14)  Our seasons are opposite.  Winter in America officially starts December 21, Spring is March 21, Summer is June 21 and Fall (which is Autumn) starts September 21.  Your summer is our winter so when you are baking in the summer heat of December, January and February we are in much colder temperatures.  We are also due for another winter storm toward the end of this week and snow is expected………yipeeeee 🙂

15)  Americans dislike Vegemite IMMENSLY!!!!
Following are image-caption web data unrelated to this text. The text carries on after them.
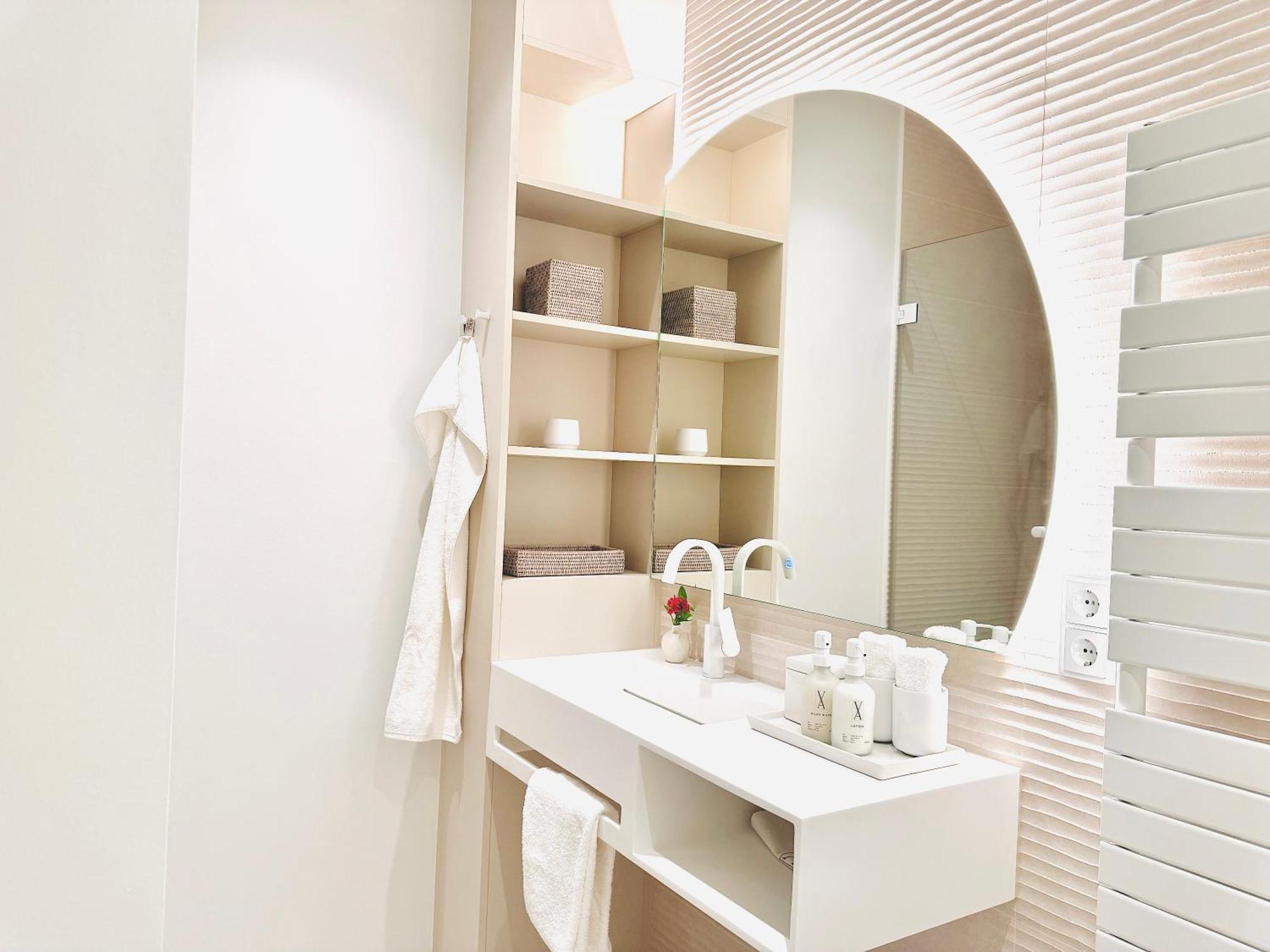 Astoria - Am 4*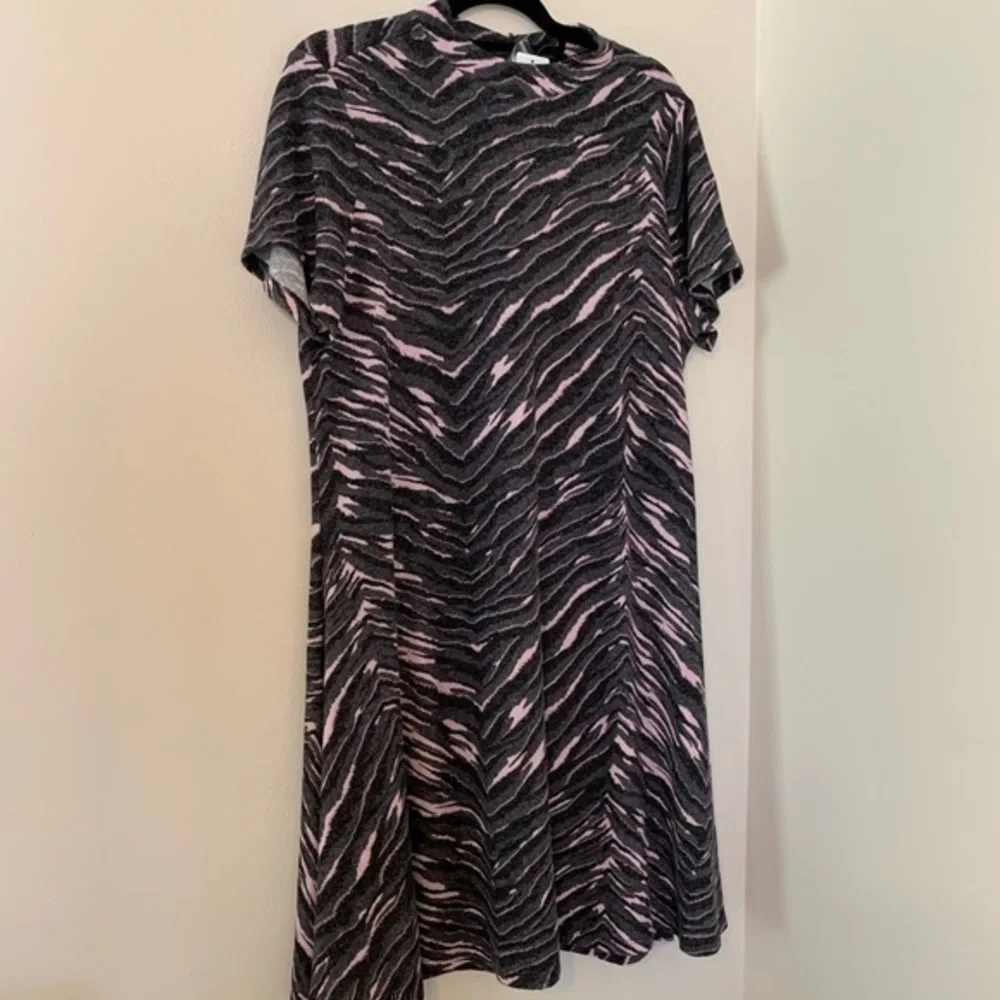 NWT Torrid size 2 pink and gray zebra dress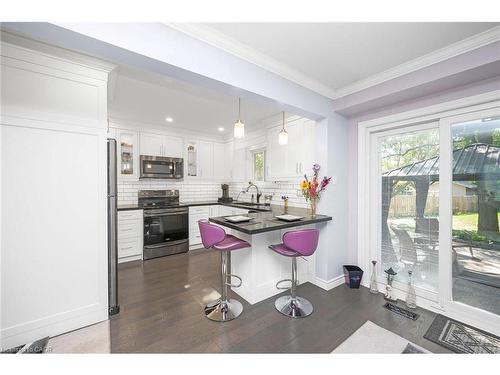 163 Ross Lane, Oakville, ON - Indoor Photo Showing Kitchen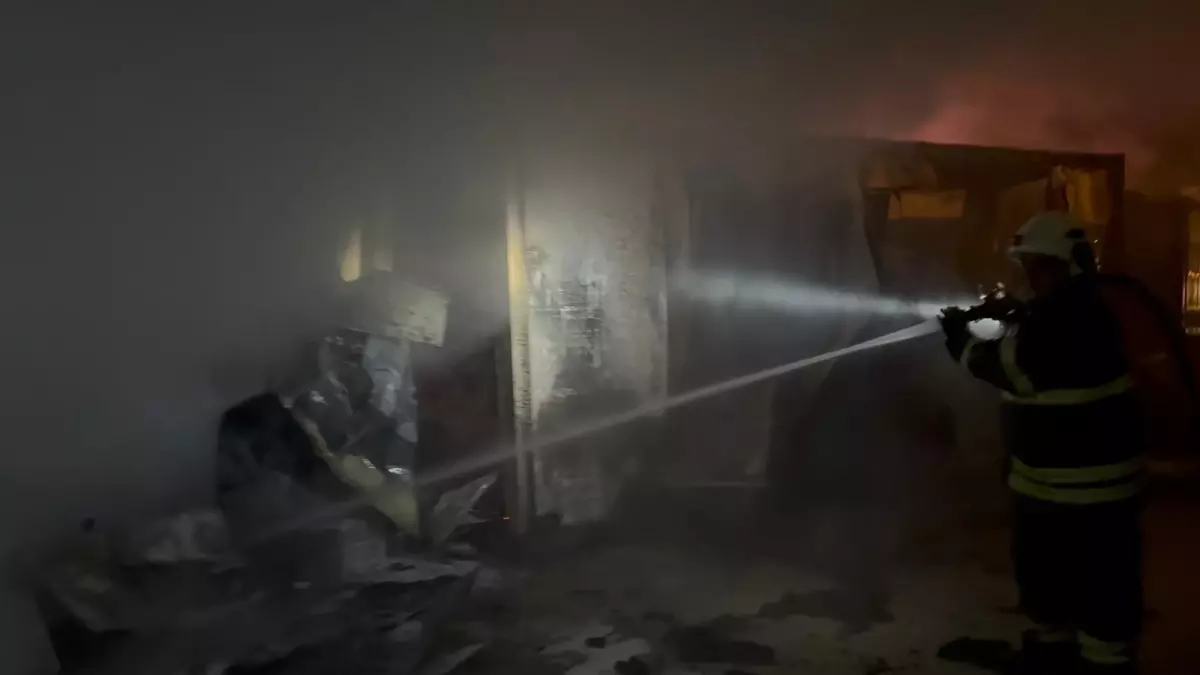 Antakya\'da Konteyner Kentte Yangın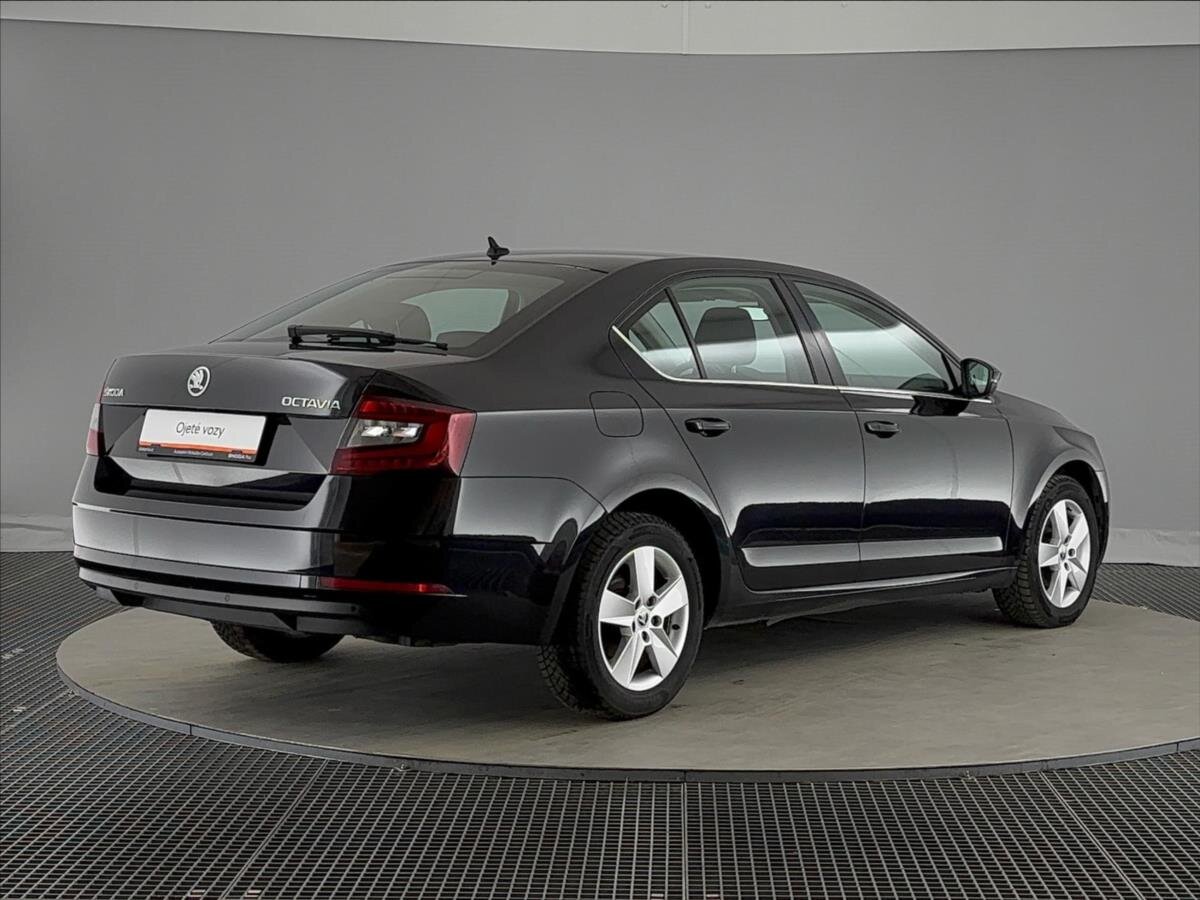 Škoda Octavia Liftback 1,6 l 85 kw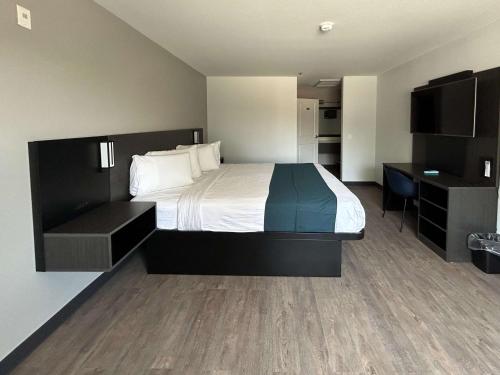 Motel 6 Lake Elsinore CA - photo 4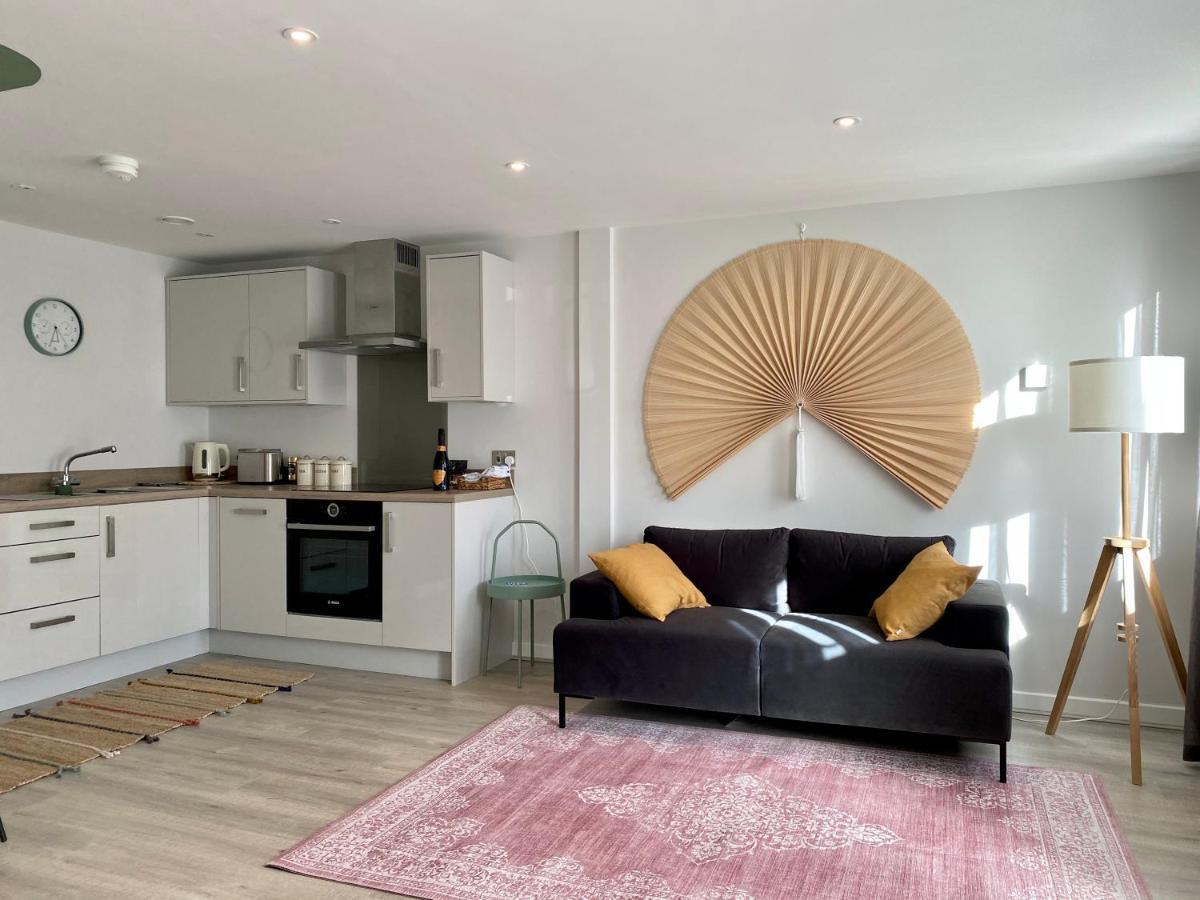Modern Apartment In Central Quiet York With Free Parking - Contemporary New Building מראה חיצוני תמונה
Well, I guess these are but a few of the small differences that I can think of at present.  No doubt as time goes on I will think of and happily encounter many more differences.  I will close in saying, with hand on heart, that I love living in America.  I am so lucky and I thank you USA for having us in your home and for making us feel so welcome xx

 Australian gothic

Footnote:  updated 7 hours after posting – in number 14 (the seasons) I was happy another winter storm was brewing however the state has now been placed on a catastrophic weather alert.  This is due to the amount of damaging ice predicted to be received, so I will admit I may have been somewhat overzealous (okay, selfish) with the thought of more snow coming.  Fingers crossed all will be safe and well and that the beautiful state of Georgia comes through the storm with very little to no damage.